→ **Task objective**
Everything from the line holding "Golden Fringe iPhone Case" to the end of the listing below should be copied exactly, line for line, minus the pictures.

→ **Source material**

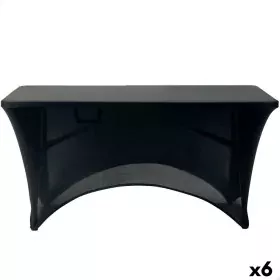 Spielmatte Aktive Tisch Schwarz Zubehör Fahrzeuge Straße 122 x 76 x 61 cm (6 Stück) von Aktive, Beistelltische - Ref: S890135...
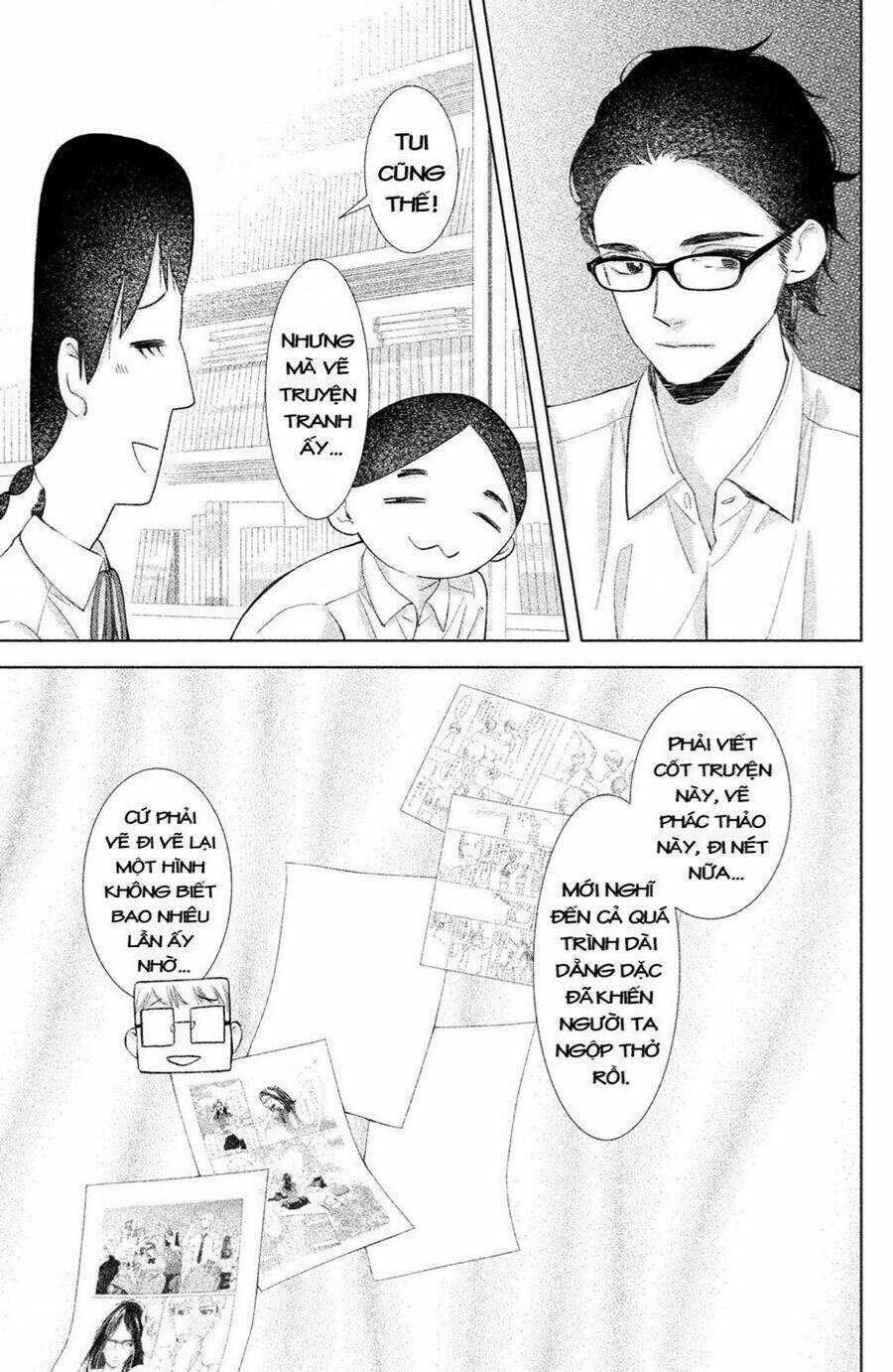 Trước Khi Mùa Xuân Tới Chapter 3 trang 30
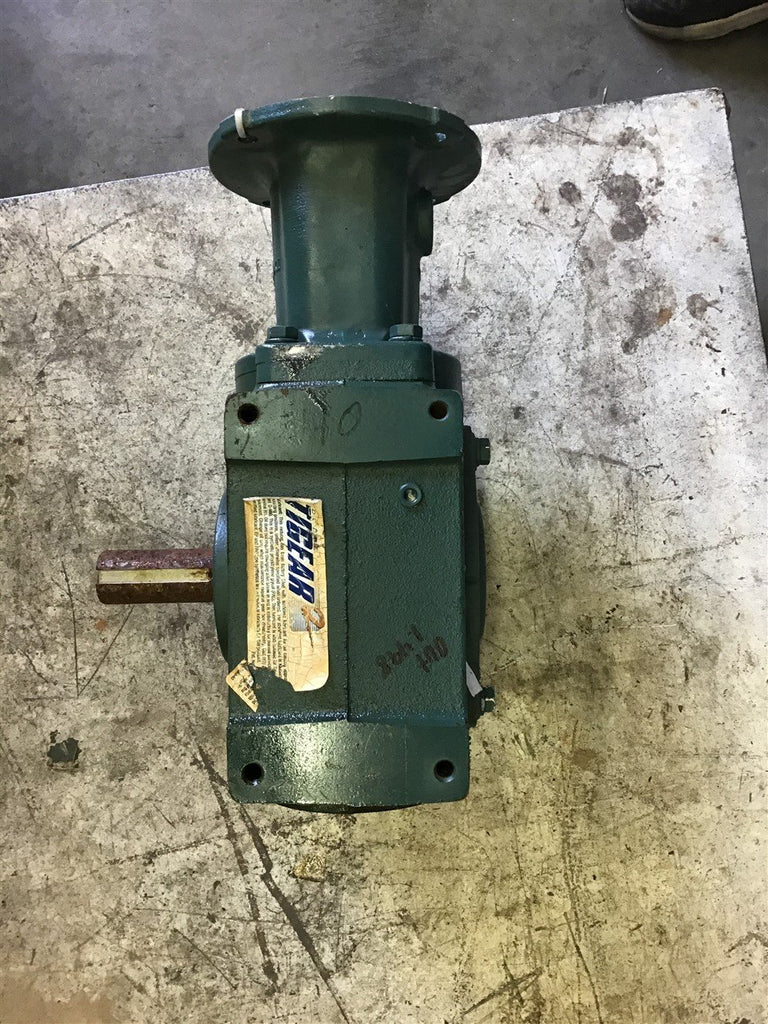 Dodge 35A15R14 Tigear 2 Gear Reducer 15:1 Ratio 1 1/2" Out 7/8" 7.44 HP In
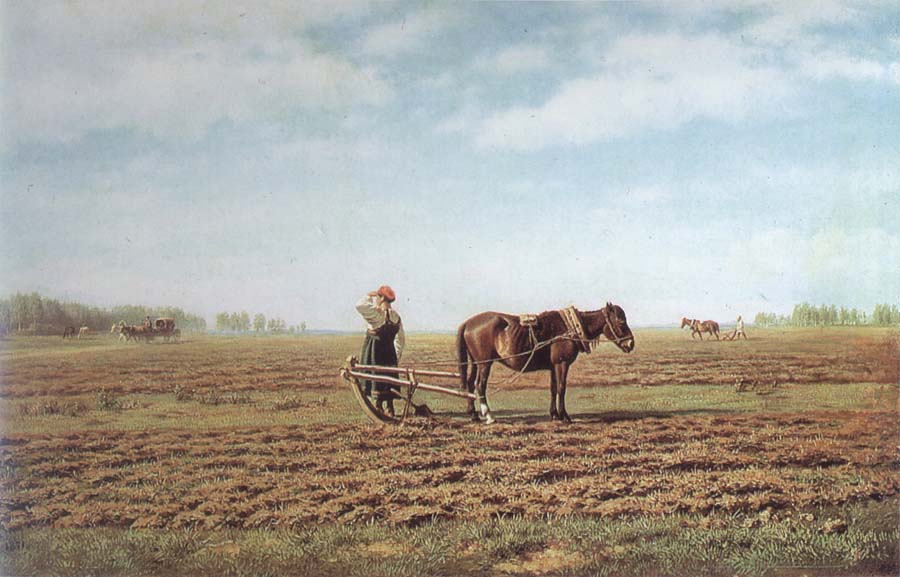 In the Ploughed Field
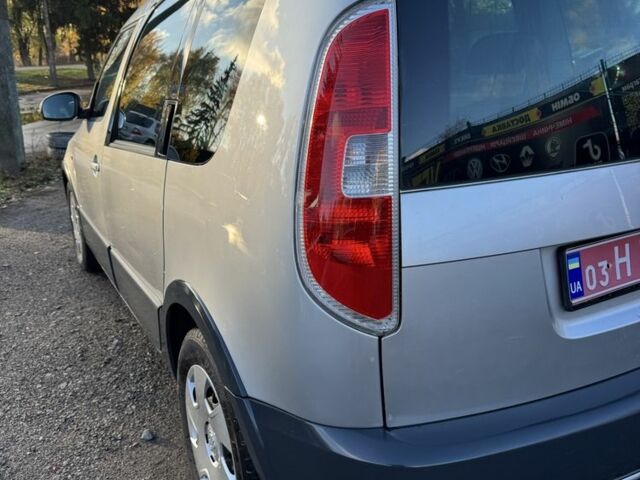 Шкода Румстер 2008 в Лубнах на Automoto.ua Серый Шкода Румстер, объемом двигателя 1.6 л и пробегом 225 тыс. км за 5999 $, фото 16 на Automoto.ua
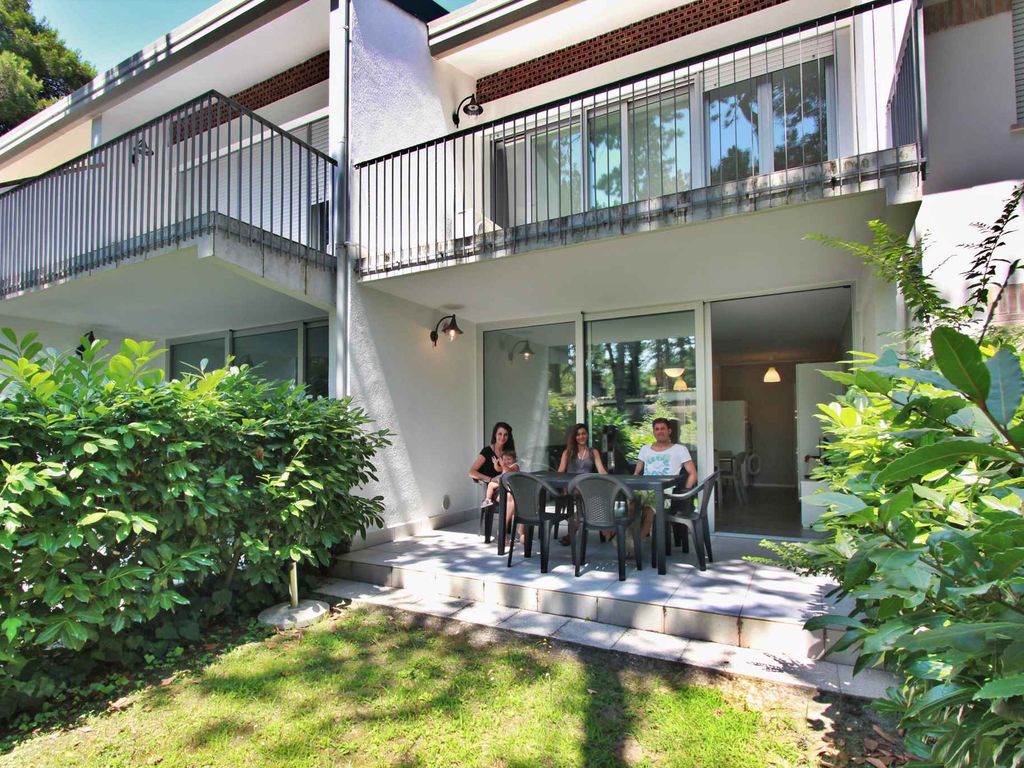 Ferienwohnung mit großem Garten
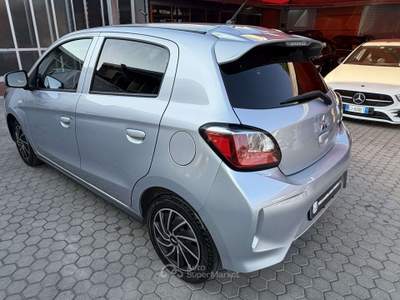 Mitsubishi Space Star Space Star II 1.2 Intense sda OK NEOPATENTATI Argento usata Milano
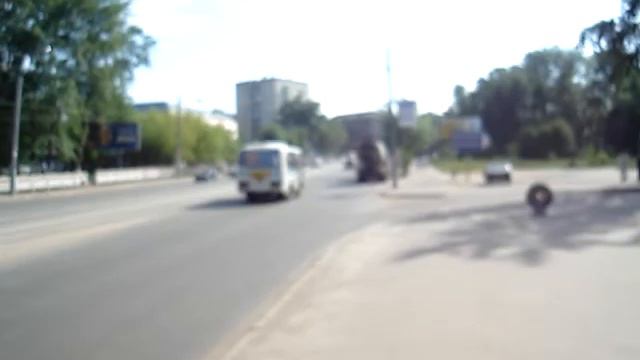 Улица Татарстан, Казань, 2006 год, пазик еще ходит смотреть онлайн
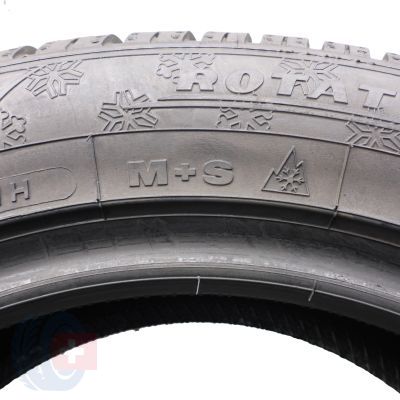 4. Opony 205/55 R16 2x DUNLOP 91H SP Winter Sport 4D Zimowe 2018 8,2mm Jak Nowe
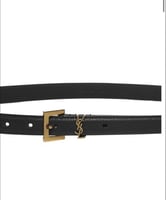 حزام YSL عرض 2cm
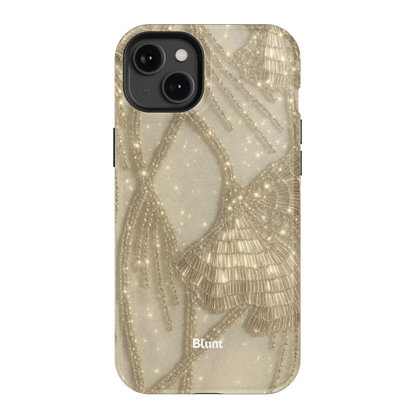 Golden Fringe iPhone Case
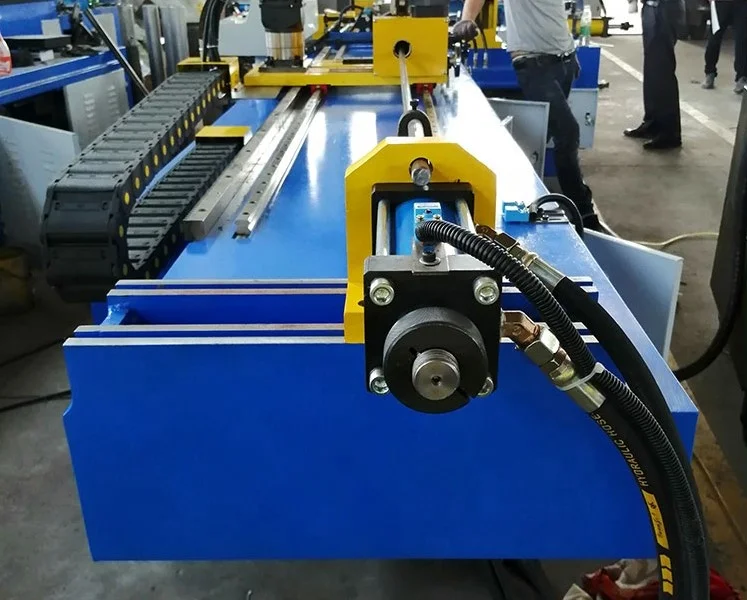 1 2 3 4 Inch Wheelchair Armrest CNC Mandrel Tube Bender Electric Hydraulic Mandrel Pipe Bender for sale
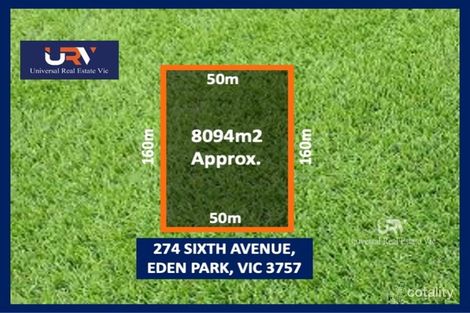 274 Sixth Ave, Eden Park, VIC 3757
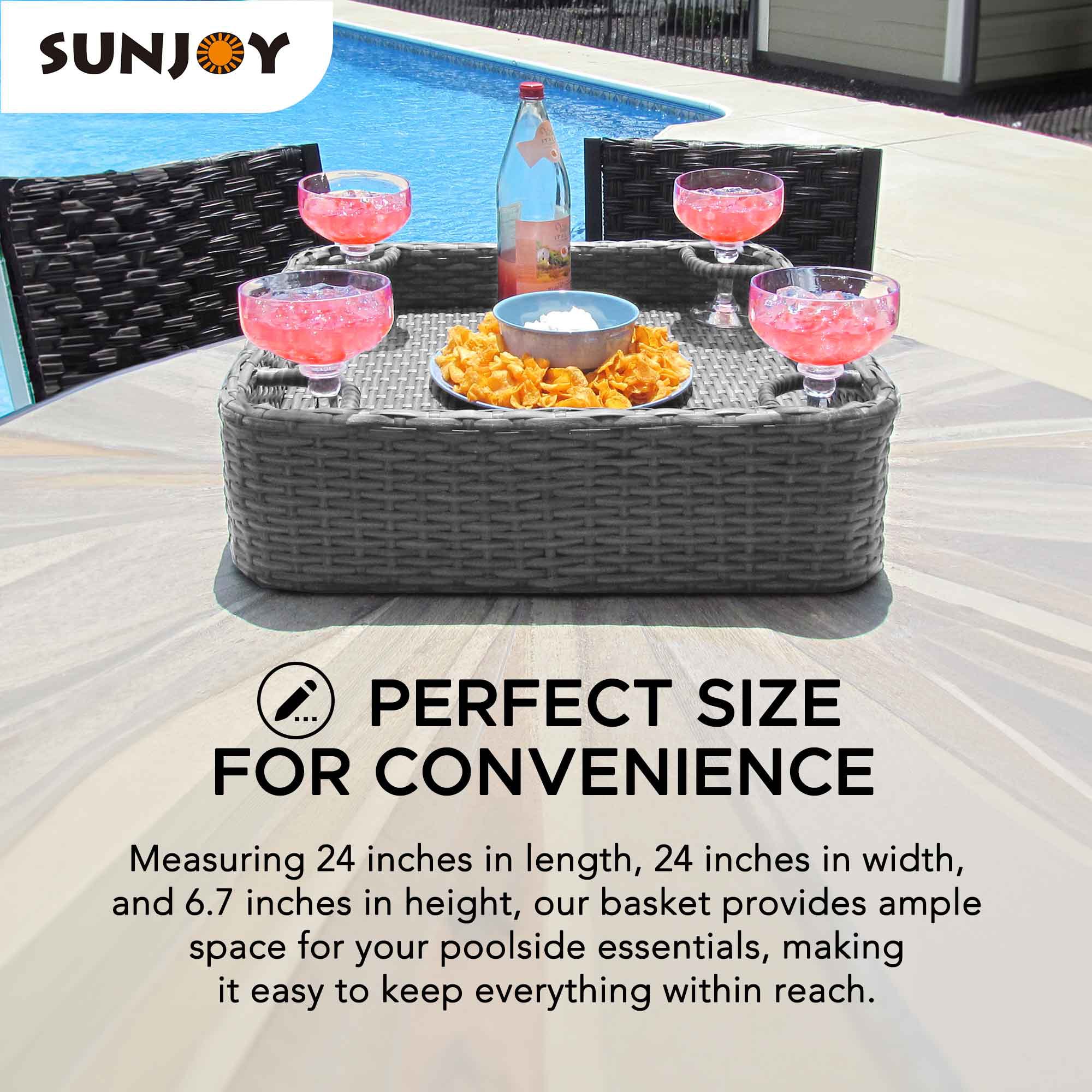 Sunjoy F403000910 Pool-Toys-Floats - View #3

→ **Task output**
 Golden Fringe iPhone Case
 1 2 3 4 Inch Wheelchair Armrest CNC Mandrel Tube Bender Electric Hydraulic Mandrel Pipe Bender for sale
 274 Sixth Ave, Eden Park, VIC 3757
 Sunjoy F403000910 Pool-Toys-Floats - View #3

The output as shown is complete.